Parity-Odd and Even Trispectrum from Axion Inflation

TL;DR

This paper investigates the parity-odd and even components of the four-point correlation function in axion inflation models, revealing that parity-odd signals are smaller but potentially detectable, with implications for understanding early universe physics.

Contribution

It provides a detailed analysis of parity-odd and even trispectra in axion inflation, including numerical evaluation of their magnitudes for different vector field masses.

Findings

Parity-even signals are significant for both massive and massless vector fields.

Parity-odd signals are about one to two orders of magnitude smaller.

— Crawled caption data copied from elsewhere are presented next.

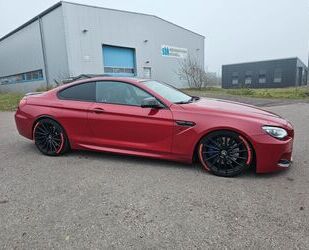 BMW 650 Gebrauchtwagen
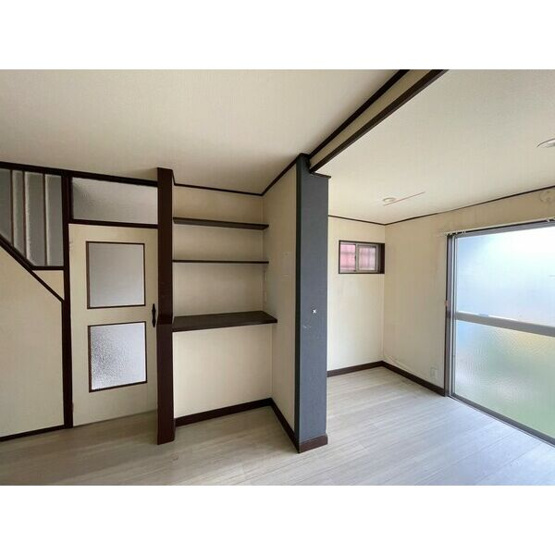 【収納】 | MINCA(日和町)9-13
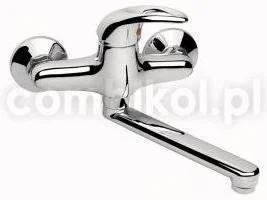 Valvex Galeo 2441020 - Baterie umywalkowe - miniaturka - grafika 2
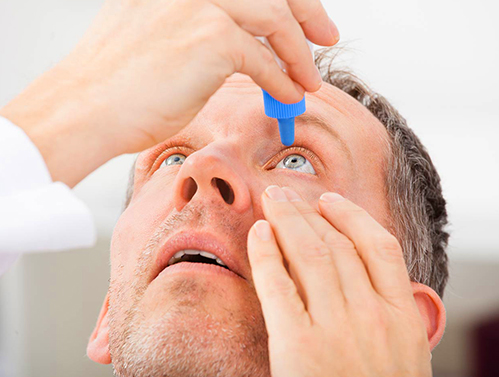 Nova esperança no combate ao glaucoma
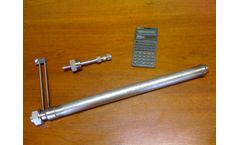 REB Research - Higher Pressure Uniform Temperature Membrane Test Rig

Numerical methods are developed to evaluate the correlation functions efficiently.

Abstract

The four-point correlation function of primordial scalar perturbations has parity-even and parity-odd contributions and the parity-odd signal in cosmological observations is opening a novel window to look for new physics in the inflationary epoch. We study the distinct parity-odd and even prediction from the axion inflation model, in which the inflaton couples to a vector field via a Chern-Simons interaction, and the vector field is considered to be either approximately massless ($m_A \ll $ Hubble scale $H$) or very massive ($m_A \sim H $). The parity-odd signal arises due to one transverse mode of the vector field being predominantly produced during inflation. We adopt the in-in formalism to evaluate the correlation functions. Considering the vector field mode function to be dominated by its real part up to a constant phase, we simplify the formulas for numerical computations. The numerical studies show that the massive and massless vector fields give significant parity-even signals, while the parity-odd contribution is about one to two orders of magnitude smaller.